Dataflow flex template fails with error "Unknown non-composite transform urn"


I am trying to run an Apache Beam flow using Google Cloud Dataflow Flex-template but the template I created continue to fail with the following error message:

java.lang.IllegalArgumentException: Transform ReadingFileFromSamples-Read-Impulse is not a composite transform but does not have a specified URN.
outputs {
    key: "org.apache.beam.sdk.values.PCollection.<init>:397#bb20b45fd4d95138"
    value: "ReadingFileFromSamples/Read/Impulse.out"
}

The code is very simple Kotlin version of wordcount using Apache Beam v2.51.0:

fun main(args: Array<String>) {
    val logger = LoggerFactory.getLogger("app.fp8.sample.kbeam.MainTK")
    val options = PipelineOptionsFactory.fromArgs(*args).withValidation().`as`(IAppOptions::class.java)
    // options.gcpCredential = AppHelper.getGCloudCredentials(options.serviceAccountPath)

    // Define pipeline
    val pipe = Pipeline.create(options)
    pipe.apply(
        "ReadingFileFromSamples",
        TextIO.read().from(options.inputFilePattern)
    ).apply(
        "CountWords",
        WordCounterTransform(options.outputCountGreaterThan)
    ).apply(
        "OutputLogs",
        PassthroughTransform<String> {
            println("Result -> $it")
        }
    )

    // Run the pipeline
    try {
        logger.info("Start running pipeline reading from {}", options.inputFilePattern)
        pipe.run()
    } catch (e: RuntimeException) {
        logger.error("Job failed due to runtime exception: ${e.message}", e)
        exitProcess(1)
    } catch (e: Exception) {
        logger.error("Unexpected Exception: ${e.message}", e)
        exitProcess(1)
    }
}

The error is clearly on the step of TextIO.read() where the inputFilePattern is set to gs://apache-beam-samples/shakespeare/*. The error seems to imply that I am attempting to read a Impulse.out which is not true.

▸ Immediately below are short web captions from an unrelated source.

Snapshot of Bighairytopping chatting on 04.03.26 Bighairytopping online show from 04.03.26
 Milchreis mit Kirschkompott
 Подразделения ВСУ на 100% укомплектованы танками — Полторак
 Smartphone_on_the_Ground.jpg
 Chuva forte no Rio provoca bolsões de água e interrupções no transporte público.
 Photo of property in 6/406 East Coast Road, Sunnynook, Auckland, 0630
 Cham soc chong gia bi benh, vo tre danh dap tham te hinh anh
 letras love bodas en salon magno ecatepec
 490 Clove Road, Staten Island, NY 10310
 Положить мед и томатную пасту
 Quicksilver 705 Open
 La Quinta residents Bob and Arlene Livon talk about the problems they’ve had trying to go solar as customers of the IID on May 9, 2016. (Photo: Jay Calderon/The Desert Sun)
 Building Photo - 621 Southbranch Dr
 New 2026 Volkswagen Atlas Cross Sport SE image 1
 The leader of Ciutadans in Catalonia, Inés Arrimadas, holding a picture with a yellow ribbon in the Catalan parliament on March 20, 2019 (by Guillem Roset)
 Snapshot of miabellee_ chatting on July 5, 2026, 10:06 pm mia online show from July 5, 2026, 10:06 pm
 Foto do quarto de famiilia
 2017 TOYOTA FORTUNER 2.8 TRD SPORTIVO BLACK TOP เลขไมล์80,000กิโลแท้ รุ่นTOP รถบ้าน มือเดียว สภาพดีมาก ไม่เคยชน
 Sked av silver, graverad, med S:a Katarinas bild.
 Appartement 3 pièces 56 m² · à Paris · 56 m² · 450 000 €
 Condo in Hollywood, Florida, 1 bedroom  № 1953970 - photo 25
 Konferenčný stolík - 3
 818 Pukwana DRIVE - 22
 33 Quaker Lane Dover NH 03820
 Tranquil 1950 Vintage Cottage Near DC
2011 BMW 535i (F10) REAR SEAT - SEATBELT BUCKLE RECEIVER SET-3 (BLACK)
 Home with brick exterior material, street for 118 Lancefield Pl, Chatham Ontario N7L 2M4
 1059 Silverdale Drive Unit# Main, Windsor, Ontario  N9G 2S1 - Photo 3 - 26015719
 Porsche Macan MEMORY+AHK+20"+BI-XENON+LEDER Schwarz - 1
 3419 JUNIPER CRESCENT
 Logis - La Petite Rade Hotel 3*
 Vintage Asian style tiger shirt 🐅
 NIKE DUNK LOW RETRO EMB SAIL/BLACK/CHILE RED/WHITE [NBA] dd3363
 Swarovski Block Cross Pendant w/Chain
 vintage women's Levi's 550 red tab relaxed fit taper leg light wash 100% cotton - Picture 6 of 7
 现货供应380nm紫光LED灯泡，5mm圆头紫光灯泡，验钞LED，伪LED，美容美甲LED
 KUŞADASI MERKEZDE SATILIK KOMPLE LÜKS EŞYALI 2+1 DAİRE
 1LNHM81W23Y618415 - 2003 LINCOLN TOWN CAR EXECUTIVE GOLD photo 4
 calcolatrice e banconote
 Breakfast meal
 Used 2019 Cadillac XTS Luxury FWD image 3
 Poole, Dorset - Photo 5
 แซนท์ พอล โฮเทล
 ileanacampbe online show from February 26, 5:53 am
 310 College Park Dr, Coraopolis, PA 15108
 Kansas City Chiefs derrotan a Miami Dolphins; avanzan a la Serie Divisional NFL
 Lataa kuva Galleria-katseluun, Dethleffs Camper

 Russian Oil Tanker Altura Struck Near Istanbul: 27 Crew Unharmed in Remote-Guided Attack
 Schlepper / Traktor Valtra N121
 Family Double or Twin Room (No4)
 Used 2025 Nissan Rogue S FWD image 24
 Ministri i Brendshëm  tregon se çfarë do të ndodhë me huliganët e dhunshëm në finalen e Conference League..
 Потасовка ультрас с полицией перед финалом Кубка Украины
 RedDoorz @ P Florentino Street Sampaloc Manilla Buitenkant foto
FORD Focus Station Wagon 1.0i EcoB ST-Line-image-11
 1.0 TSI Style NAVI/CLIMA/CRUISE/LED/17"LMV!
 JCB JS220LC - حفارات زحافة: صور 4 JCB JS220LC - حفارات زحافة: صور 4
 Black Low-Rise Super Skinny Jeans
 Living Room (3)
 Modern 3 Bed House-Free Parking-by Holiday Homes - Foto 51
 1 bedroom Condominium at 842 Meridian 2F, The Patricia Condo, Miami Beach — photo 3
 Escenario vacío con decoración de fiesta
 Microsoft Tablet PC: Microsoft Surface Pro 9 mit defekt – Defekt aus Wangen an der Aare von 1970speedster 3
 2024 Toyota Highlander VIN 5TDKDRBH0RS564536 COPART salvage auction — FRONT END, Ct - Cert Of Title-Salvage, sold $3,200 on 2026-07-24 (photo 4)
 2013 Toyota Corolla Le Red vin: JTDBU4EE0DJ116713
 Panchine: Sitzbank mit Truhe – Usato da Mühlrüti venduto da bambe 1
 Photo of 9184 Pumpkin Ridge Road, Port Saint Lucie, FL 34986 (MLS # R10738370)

Any idea what that error means?


Solution

  • After a lot of research, I came across the issue below that is similar to the question I raised:

    https://github.com/apache/beam/issues/28034

    I am too building a fat jar and the moment that I replaced one jar with all the required jars to the --jar method of gcloud dataflow flex-template build, I finally managed to run the flex template in Dataflow.

    Which made me wonder why Google doesn't allow passing wild card into the --jar option. The lack of this wild card option is what led me to create fat jar in the first place.